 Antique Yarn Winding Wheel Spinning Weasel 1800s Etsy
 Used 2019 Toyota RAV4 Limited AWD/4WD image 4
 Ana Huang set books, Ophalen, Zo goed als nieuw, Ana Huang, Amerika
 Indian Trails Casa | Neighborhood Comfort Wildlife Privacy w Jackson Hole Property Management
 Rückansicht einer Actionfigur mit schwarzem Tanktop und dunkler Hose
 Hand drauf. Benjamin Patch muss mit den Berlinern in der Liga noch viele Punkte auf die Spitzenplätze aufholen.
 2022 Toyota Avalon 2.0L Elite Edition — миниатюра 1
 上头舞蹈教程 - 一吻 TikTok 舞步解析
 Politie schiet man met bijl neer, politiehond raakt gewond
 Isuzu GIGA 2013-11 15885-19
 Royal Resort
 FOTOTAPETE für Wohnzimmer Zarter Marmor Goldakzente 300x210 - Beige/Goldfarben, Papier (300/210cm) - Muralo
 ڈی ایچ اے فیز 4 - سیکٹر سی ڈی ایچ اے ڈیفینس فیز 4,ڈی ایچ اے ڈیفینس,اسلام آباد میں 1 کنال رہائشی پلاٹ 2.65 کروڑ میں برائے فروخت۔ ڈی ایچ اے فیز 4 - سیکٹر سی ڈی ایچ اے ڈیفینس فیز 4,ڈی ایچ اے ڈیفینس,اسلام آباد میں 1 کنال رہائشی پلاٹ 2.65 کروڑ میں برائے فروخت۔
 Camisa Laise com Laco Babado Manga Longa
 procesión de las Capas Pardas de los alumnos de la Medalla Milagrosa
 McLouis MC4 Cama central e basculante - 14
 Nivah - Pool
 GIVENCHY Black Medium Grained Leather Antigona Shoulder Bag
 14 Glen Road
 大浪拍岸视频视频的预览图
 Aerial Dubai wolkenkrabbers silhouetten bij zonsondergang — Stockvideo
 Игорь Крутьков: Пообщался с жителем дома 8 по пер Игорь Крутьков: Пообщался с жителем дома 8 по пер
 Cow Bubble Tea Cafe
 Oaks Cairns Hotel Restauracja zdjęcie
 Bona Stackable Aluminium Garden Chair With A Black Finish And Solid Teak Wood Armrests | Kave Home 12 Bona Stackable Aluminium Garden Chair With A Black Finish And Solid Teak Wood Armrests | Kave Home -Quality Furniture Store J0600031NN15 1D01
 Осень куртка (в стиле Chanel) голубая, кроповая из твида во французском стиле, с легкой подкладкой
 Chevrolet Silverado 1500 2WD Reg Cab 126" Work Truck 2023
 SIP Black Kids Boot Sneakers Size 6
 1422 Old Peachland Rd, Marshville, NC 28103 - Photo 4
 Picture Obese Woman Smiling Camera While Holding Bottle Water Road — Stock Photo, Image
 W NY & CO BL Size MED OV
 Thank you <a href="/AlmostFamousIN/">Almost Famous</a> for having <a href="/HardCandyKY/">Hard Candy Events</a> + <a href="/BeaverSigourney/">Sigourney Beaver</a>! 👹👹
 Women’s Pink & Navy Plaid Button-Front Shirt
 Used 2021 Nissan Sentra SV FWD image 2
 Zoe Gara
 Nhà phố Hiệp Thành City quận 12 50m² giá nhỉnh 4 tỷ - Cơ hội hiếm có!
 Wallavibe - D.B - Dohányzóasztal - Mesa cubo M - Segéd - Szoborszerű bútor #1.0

◇ ◇ ◇ ◇ ◇ ◇ ◇

## WORK TO COMPLETE
Type out the entries once more, precisely.

## EXERCISE RESULT
 Antique Yarn Winding Wheel Spinning Weasel 1800s Etsy
 Used 2019 Toyota RAV4 Limited AWD/4WD image 4
 Ana Huang set books, Ophalen, Zo goed als nieuw, Ana Huang, Amerika
 Indian Trails Casa | Neighborhood Comfort Wildlife Privacy w Jackson Hole Property Management
 Rückansicht einer Actionfigur mit schwarzem Tanktop und dunkler Hose
 Hand drauf. Benjamin Patch muss mit den Berlinern in der Liga noch viele Punkte auf die Spitzenplätze aufholen.
 2022 Toyota Avalon 2.0L Elite Edition — миниатюра 1
 上头舞蹈教程 - 一吻 TikTok 舞步解析
 Politie schiet man met bijl neer, politiehond raakt gewond
 Isuzu GIGA 2013-11 15885-19
 Royal Resort
 FOTOTAPETE für Wohnzimmer Zarter Marmor Goldakzente 300x210 - Beige/Goldfarben, Papier (300/210cm) - Muralo
 ڈی ایچ اے فیز 4 - سیکٹر سی ڈی ایچ اے ڈیفینس فیز 4,ڈی ایچ اے ڈیفینس,اسلام آباد میں 1 کنال رہائشی پلاٹ 2.65 کروڑ میں برائے فروخت۔ ڈی ایچ اے فیز 4 - سیکٹر سی ڈی ایچ اے ڈیفینس فیز 4,ڈی ایچ اے ڈیفینس,اسلام آباد میں 1 کنال رہائشی پلاٹ 2.65 کروڑ میں برائے فروخت۔
 Camisa Laise com Laco Babado Manga Longa
 procesión de las Capas Pardas de los alumnos de la Medalla Milagrosa
 McLouis MC4 Cama central e basculante - 14
 Nivah - Pool
 GIVENCHY Black Medium Grained Leather Antigona Shoulder Bag
 14 Glen Road
 大浪拍岸视频视频的预览图
 Aerial Dubai wolkenkrabbers silhouetten bij zonsondergang — Stockvideo
 Игорь Крутьков: Пообщался с жителем дома 8 по пер Игорь Крутьков: Пообщался с жителем дома 8 по пер
 Cow Bubble Tea Cafe
 Oaks Cairns Hotel Restauracja zdjęcie
 Bona Stackable Aluminium Garden Chair With A Black Finish And Solid Teak Wood Armrests | Kave Home 12 Bona Stackable Aluminium Garden Chair With A Black Finish And Solid Teak Wood Armrests | Kave Home -Quality Furniture Store J0600031NN15 1D01
 Осень куртка (в стиле Chanel) голубая, кроповая из твида во французском стиле, с легкой подкладкой
 Chevrolet Silverado 1500 2WD Reg Cab 126" Work Truck 2023
 SIP Black Kids Boot Sneakers Size 6
 1422 Old Peachland Rd, Marshville, NC 28103 - Photo 4
 Picture Obese Woman Smiling Camera While Holding Bottle Water Road — Stock Photo, Image
 W NY & CO BL Size MED OV
 Thank you <a href="/AlmostFamousIN/">Almost Famous</a> for having <a href="/HardCandyKY/">Hard Candy Events</a> + <a href="/BeaverSigourney/">Sigourney Beaver</a>! 👹👹
 Women’s Pink & Navy Plaid Button-Front Shirt
 Used 2021 Nissan Sentra SV FWD image 2
 Zoe Gara
 Nhà phố Hiệp Thành City quận 12 50m² giá nhỉnh 4 tỷ - Cơ hội hiếm có!
 Wallavibe - D.B - Dohányzóasztal - Mesa cubo M - Segéd - Szoborszerű bútor #1.0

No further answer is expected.